You can build a [potentially incomplete] profile for your container by running strace on your process:

strace -c -f -S name /path/to/binary 2>&1 1>/dev/null | tail -n +3 | head -n -2 | awk '{print $(NF)}'

Alternatively, Docker and Kubernetes already come with a default which blocks a fair number of syscalls (out of the 300+ syscalls in Linux) that you can try first.

An improperly contained runaway process.

Cgroups — 2006

In 2006, Google released Process Containers, quickly renamed cgroups, for limiting, accounting, and isolating usage of hardware resources (CPU, memory, disk I/O, network, etc.) of a collection of processes. In this way it simulates the mediation of a hypervisor and can prevent DOS types of attacks. As you might expect of a feature with such well-funded maintainers, it was merged into the mainline kernel the very next year.

Putting it all together to make a container

Now that we have all 7 namespaces and cgroups, we can build a container without patching the kernel! LXC (LinuX Containers) was the first implementation of containers with those building blocks, requiring no kernel patches to work. CloudFoundry used LXC as the basis for their container solution, Warden, in 2011 before implementing their own container engine. In 2013, Docker similarly started with LXC before building their own libcontainer (now runc); in the same year, Google released their own internal container stack to the FOSS world as Let Me Contain That For You (LMCTFY). They contributed the core concepts to libcontainer and stopped maintaining LMCTFY separately in 2015.

Orchestration/Kubernetes — 2015

In addition to compelling security controls, containers provided the ability to quickly and easily scale the number of instances of a running application as needed in a production environment. While many large companies solved this problem in their own way, none was as successful and powerful as Google’s Borg. Google introduced the Borg System around 2003–2004. Borg was a large-scale internal cluster management system, which ran hundreds of thousands of jobs, from many thousands of different applications, across many clusters, each with up to tens of thousands of machines. They open sourced a rebuilt Borg as Kubernetes in 2015.

Kubernetes introduces a concept called Pod Security Policies that gates the entrance of any pod (a collection of containers that share resources) into a cluster until it enforces stronger controls, like MAC with SELinux or AppArmor, not allowing mounting of the filesystem as read/write, and restricting capabilities. Seccomp for enforcement of Kubernetes Pod Security Policies is in alpha, and since it is not an LSM, it can be layered with AppArmor or SELinux.

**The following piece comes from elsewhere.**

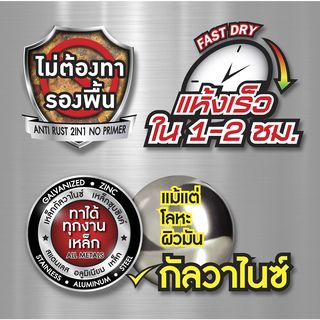Hero ฮีโร่ รัสท์เทค 2in1 H2-888 ด้าน 5กล. สีดำ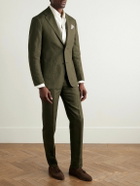 Richard James - Chapman Unstructured Slim-Fit Linen Suit Jacket - Green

Scaling up: one container bails, 3 pop up to replace it.

A note about BSD and OSX

FreeBSD Jails is one of the early container technologies introduced by Derrick T. Woolworth at R&D Associates for FreeBSD in year 2000. It is an operating-system system call similar to chroot, but included additional process sandboxing features for isolating the filesystem, users, networking, etc. As a result it could provide means of assigning an IP address for each jail, custom software installations and configurations, etc.

BSD has some equivalent concepts to the above, such as jails/the jail syscall instead of containers layered from many technologies or the chroot syscall. It also has an interesting compile-time seccomp-like feature to drop privilege at a given point in a process called pledge. However, most of what makes containers appealing to developers is the ability to orchestrate for scale and reliability. You can make a portable jail config with iocell that’s a lot like a container image, but I have not heard of anything clever on top of that to rival Kubernetes in production (Docker for BSD has been experimental and ignored since 2015).

OSX is based on the Darwin operating system, which utilizes the XNU hybrid kernel (itself making use of the Mach kernel plus various BSD components and Driver Kit). It is not POSIX compliant. It requires all App Store apps to use App Sandbox Entitlements and recommends it for all other software. It also (since Yosemite) has provided a full lightweight hypervisor implementation that it recommends for apps. Docker for Mac is actually build on hyperkit, which uses this Hypervisor framework.